Tuesday, May 18, 2021



Another government agency which refuses to enforce the law

Back in 2008 Parliament established the Walking Access Commission. While initially concerned with negotiating public access, the Commission now administers a network of walkways across New Zealand. It has an explicit function of enforcing the law around these walkways, and there are offence provisions to ensure safe public access. In order to enforce these, the Commission can appoint enforcement officers, who have statutory powers to prevent offences.
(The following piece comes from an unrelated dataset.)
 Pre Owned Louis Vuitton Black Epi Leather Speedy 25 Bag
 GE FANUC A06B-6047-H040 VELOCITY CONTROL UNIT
So how many of these enforcement officers has the Commission appointed to ensure safe access across its walkways? Someone used FYI, the public OIA request site, to ask them, and the answer may surprise you: zero. They have never appointed any enforcement officers, and have never prosecuted or fined anybody. While police and DoC rangers can also enforce the law, if they had a policy of outsourcing enforcement to those agencies, you think they'd say so. So the natural conclusion is that this agency is simply uninterested in enforcing the law.

Is this a problem? Parliament certainly thought it was a big enough deal to grant these powers in the Act, and refusing to enforce them (even by outsourcing to another agency) seems like a frustration of Parliamentary intent. And if they're not going to bother, then maybe those powers need to be removed, and the job explicitly given to a competent agency which can do it: DoC.